Friday, 8 June 2018

Harvill Secker and Bloody Scotland launch competition to discover a new crime writer from a BAME background

Harvill Secker and Bloody Scotland have joined forces to launch a competition to find a debut crime writer from a BAME (Black Asian Minority Ethnic) background. The prize will be judged by award-winning Harvill Secker author and Bloody Scotland committee member Abir Mukherjee; creator of the bestselling Shetland and Vera series, Ann Cleeves; journalist and co-founder of BAME in Publishing, Sarah Shaffi; and Harvill Secker Editorial Director Jade Chandler.

Abir Mukherjee, an accountant-turned winner of Harvill Secker’s previous crime writing competition, is the author of an award-winning, critically-acclaimed series of historical crime novels set in 1920s Calcutta. Abir’s debut, A Rising Man, won the CWA Endeavour Historical Dagger 2017 and was picked as one of Waterstones best books of 2017.

Anne Cleeves, the Sunday Times bestselling author of 32 novels in 32 years and 2017’s recipient of the CWA Diamond Dagger, is a passionate supporter of new writers, especially within the crime writing community. Shaffi, a freelance journalist and editor-at-large at Little Tiger Group, writes for Stylist online, is books editor at Phoenix and co-hosts the pop culture podcast Eat, Read, Stream, Repeat.

Entrants to the competition will be asked to submit the first 5,000 words of their crime novel, along with a full plot outline. Entries will open on the 9th of July 2018 and will run until the 9th of September 2018, with the winner announced in November 2018.

The winner will have their book published, under the Harvill Secker imprint, in a publishing deal with an advance of £5,000. The winner will also receive perks alongside their publishing contract, including a panel appearance at the Bloody Scotland festival in 2019 (this year’s dates are 21st-23rd September) and a series of three one-to-one mentoring sessions with Abir Mukherjee. The Arvon Foundation – now in their 50th year – also joins the competition as a sponsor and is offering the winner the chance to attend any one of their creative writing courses or writing retreats in 2019, with all expenses paid.

Jade Chandler said: ‘While the crime writing community is diverse in many ways, it lacks authors from BAME backgrounds.

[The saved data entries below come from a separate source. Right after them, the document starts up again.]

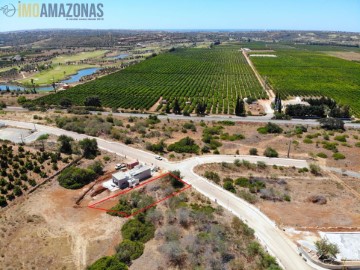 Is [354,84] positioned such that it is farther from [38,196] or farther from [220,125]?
[38,196]

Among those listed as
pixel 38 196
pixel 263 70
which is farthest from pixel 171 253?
pixel 263 70

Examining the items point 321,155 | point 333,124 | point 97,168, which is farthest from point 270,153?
point 97,168

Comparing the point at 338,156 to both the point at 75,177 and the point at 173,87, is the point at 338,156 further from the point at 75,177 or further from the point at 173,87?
the point at 173,87

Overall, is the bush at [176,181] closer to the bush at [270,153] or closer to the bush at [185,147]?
the bush at [185,147]

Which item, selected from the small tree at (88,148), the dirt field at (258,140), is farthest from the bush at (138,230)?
the small tree at (88,148)

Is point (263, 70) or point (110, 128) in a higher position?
point (263, 70)

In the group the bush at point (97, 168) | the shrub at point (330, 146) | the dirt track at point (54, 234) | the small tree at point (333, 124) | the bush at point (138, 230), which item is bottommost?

With crime fiction’s increasing popularity, it seems more important than ever that its creators should be more representative of those who may enjoy reading within the genre. We want to do something pro-active to address this and I am delighted that we’re teaming up with Abir Mukherjee and such brilliant sponsors and judges to do so. I can’t wait to find an exciting new writer to publish on the Harvill Secker crime list.’

Abir Mukherjee said: ‘I’m excited to be part of this new initiative being launched by Harvill Secker and Bloody Scotland. At this time of great change, it’s more important than ever that the experiences and viewpoints of writers from across the spectrum of our society are published. Different viewpoints mean different stories, which in turn lead to a wider, richer literary atmosphere, hopefully reaching out to communities who feel marginalised or who have traditionally lacked a voice.’

Bloody Scotland’s Bob McDevitt said:  ‘Bloody Scotland is 100% behind this important new prize and it fits in perfectly with the work we have been doing recently with the British Council to bring crime writers from India to Scotland. We think that breaking down barriers in terms of access to authors from different cultural and social backgrounds will only improve the richness of the crime writing genre.’